最新推荐文章于 2024-08-07 09:59:35 发布

阅读量646

点赞数

分类专栏： [软件工程应用与实践]lingvo学习笔记文章标签：深度学习神经网络自然语言处理

本文链接：https://blog.csdn.net/NewtonLoop/article/details/121457374

版权

[软件工程应用与实践]lingvo学习笔记专栏收录该内容

18 篇文章 0 订阅

订阅专栏

[软件工程应用与实践]lingvo学习笔记

2021SC@SDUSC

lingvo调用tf.nn.seq2seq阅读

basic_rnn_seq2seq:
- input : embedding
- output : embedding
  状态向量作为decoder的初始状态; encoder和decoder使用相同的rnn神经元, 不共享权值参数。
tied_rnn_seq2seq:
- input : embedding
- output : embedding
  encoder和decoder共享权值参数
embedding_rnn_seq2seq :
- input : id
- output : id
  内部创建encoder和decoder的嵌入矩阵
embedding_tied_rnn_seq2seq :
- input : id
- output : id
  内部创建encoder和decoder的嵌入矩阵
embedding_attention_seq2seq :
- input : id
- output : id
  增加注意力机制

tf.nn.seq2seq.embedding_attention_seq2seq 代码片段

# T代表time_steps, 时序长度
def embedding_attention_seq2seq(encoder_inputs,  # [T, batch_size] 
                                decoder_inputs,  # [T, batch_size]
                                cell,
                                num_encoder_symbols,
                                num_decoder_symbols,
                                embedding_size,
                                num_heads=1,      # attention的抽头数量
                                output_projection=None, #decoder的投影矩阵
                                feed_previous=False,
                                dtype=None,
                                scope=None,
                                initial_state_attention=False):

params
input

encoder_inputs : int32 型 id tensor list
decoder_inputs : int32 型 id tensor list
cell : RNN_cell 的实例
num_encoder_symbols, num_decoder_symbols：分别是编码和解码的符号数，即词表大小
embedding_size : 词向量维度
num_heads : attention的抽头数量
output_projection : decoder的output向量投影到词表空间时，用到的投影矩阵和偏置项(W, B)；W的shape是[output_size, num_decoder_symbols]，B的shape是[num_decoder_symbols]；若此参数存在且feed_previous=True，上一个decoder的输出先乘W再加上B作为下一个decoder的输入
feed_previous : 若为True, 只有第一个decoder的输入（“GO"符号）有用，所有的decoder输入都依赖于上一步的输出；一般在测试时用（当然源码也提到，可以在训练时用于模拟测试的环境，比如Scheduled Sampling）
initial_state_attention : 默认为False, 初始的attention是零；若为True，将从initial state和attention states开始attention

output

(outputs, state) 元组对，outputs是二维张量列表, 每个Tensor的shape是[batch_size, cell.state_size]；state是最后一个timestep，decoder cell的state，shape是[batch_size, cell.state_size]

encoder

创建嵌入矩阵

encoder_cell = rnn_cell.EmbeddingWrapper(      
        cell, embedding_classes=num_encoder_symbols,
        embedding_size=embedding_size)
    encoder_outputs, encoder_state = rnn.rnn(
        encoder_cell, encoder_inputs, dtype=dtype) #  [T，batch_size，size]
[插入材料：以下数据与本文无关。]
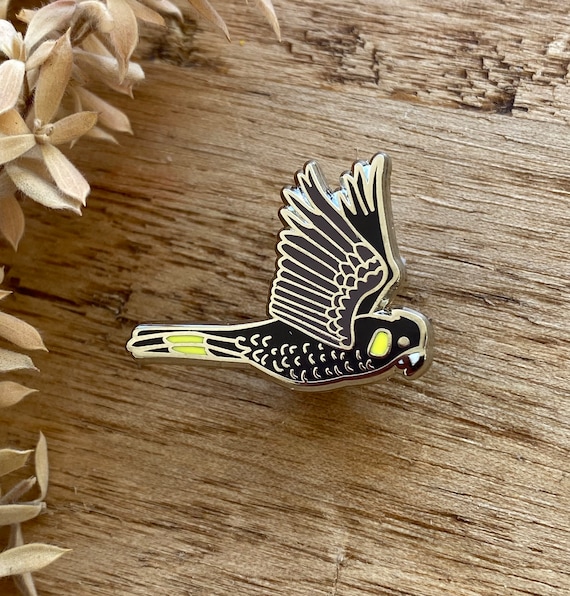 Black Cockatoo pin, Enamel pin, Tasmania, pin, Enamel Jewellery, Wearable Art, Statement Brooch, Bird pin, original art, bird lover, gift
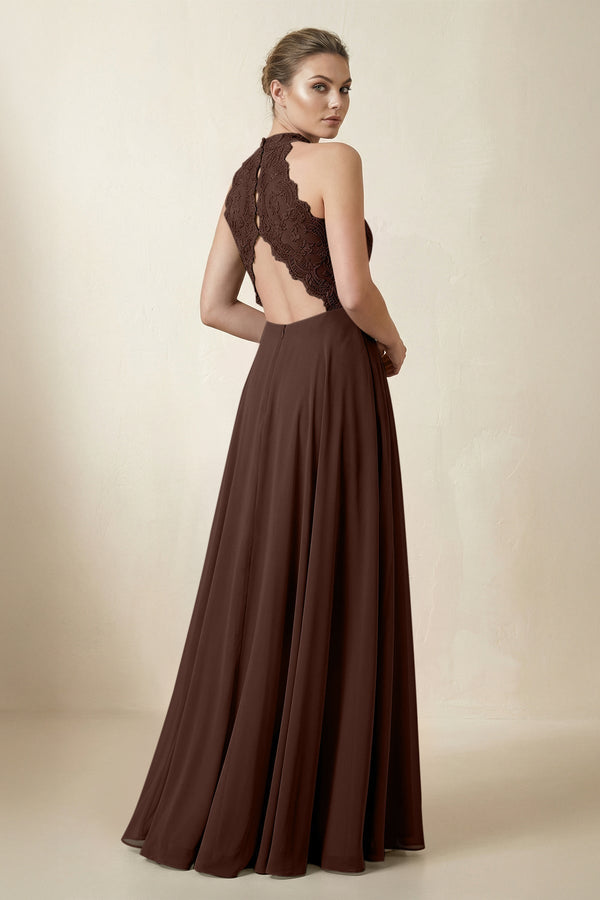 Lace Halter A - Line Chiffon Bridesmaid Dress in Espresso - KissProm Bridesmaid Dresses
计算 encoder 的 output 和 state

top_states = [array_ops.reshape(e, [-1, 1, cell.output_size])
                  for e in encoder_outputs]    # T * [batch_size, 1, size]

生成 attention states, 计算 attention

    attention_states = array_ops.concat(1, top_states) # [batch_size,T,size]
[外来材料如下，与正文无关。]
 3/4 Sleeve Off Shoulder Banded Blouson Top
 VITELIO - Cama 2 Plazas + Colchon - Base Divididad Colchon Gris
EmbeddingWrapper 是rnn神经元的前面加一层 embedding 作为encoder_cell, input可以是word的id。

EmbeddingWrapper

生成embedding矩阵[embedding_classes,embedding_size]
inputs: [batch_size, 1]
return : (output, state)

class EmbeddingWrapper(RNNCell):
  def __init__(self, cell, embedding_classes, embedding_size, initializer=None):
  def __call__(self, inputs, state, scope=None):

Decoder
生成decoder的cell，通过OutputProjectionWrapper类对输入参数中的cell实例包装实现

# Decoder.
    output_size = None
    if output_projection is None:
      cell = rnn_cell.OutputProjectionWrapper(cell, num_decoder_symbols)
      output_size = num_decoder_symbols
    if isinstance(feed_previous, bool):
      return embedding_attention_decoder(
          ...
      )

OutputProjectionWrapper

class OutputProjectionWrapper(RNNCell):
  def __init__(self, cell, output_size): # output_size:size after casting
  def __call__(self, inputs, state, scope=None):
  #init return rnn_cell with output projection

embedding_attention_decoder

create the embedding for decoder
创建 loop_function 将 embedding 映射到output_projection 空间, 得到一个wordembedding作为下一步输入

def embedding_attention_decoder(decoder_inputs,
                                initial_state,
                                attention_states,
                                cell,
                                num_symbols,
                                embedding_size,
                                num_heads=1,
                                output_size=None,
                                output_projection=None,
                                feed_previous=False,
                                update_embedding_for_previous=True,
                                dtype=None,
                                scope=None,
                                initial_state_attention=False):
# 核心代码
    embedding = variable_scope.get_variable("embedding",
                                            [num_symbols, embedding_size])
    loop_function = _extract_argmax_and_embed(
        embedding, output_projection,
        update_embedding_for_previous) if feed_previous else None
    emb_inp = [
        embedding_ops.embedding_lookup(embedding, i) for i in decoder_inputs]
    # T * [batch_size, embedding_size]
    return attention_decoder(
        emb_inp,
        initial_state,
        attention_states,
        cell,
        output_size=output_size,
        num_heads=num_heads,
        loop_function=loop_function,
        initial_state_attention=initial_state_attention)

tf.nn.attention_decoder
这个地方不太好懂啊啊啊啊啊

论文涉及三个公式：

encoder 输出的隐含层状态 h_i , decoder 的隐含层状态 d_i. v^T, W’₁ 是模型要学的参数. 所谓的attention，就是在每个解码的时间步，对encoder的隐层状态进行加权求和，针对不同信息进行不同程度的注意力。

attention 机制常见步骤

通过当前隐含层状态和关注的隐含层状态求出对应权重
softmax 归一化为概率
作为加权系数对不同的隐含层状态求和, 得到一个信息向量.

attention就是对信息的加权求和，一个attention head对应了一种加权求和方式，这个参数定义了用多少个attention head去加权求和，所以公式三可以进一步表述为

To calculate W1 * h_t we use a 1-by-1 convolution 卷积方式实现 W1 * h_t, 返回 shape 为 [batch_size, attn_length, 1, attention_vec_size] 张量

# To calculate W1 * h_t we use a 1-by-1 convolution
    hidden = array_ops.reshape(
        attention_states, [-1, attn_length, 1, attn_size])
    hidden_features = []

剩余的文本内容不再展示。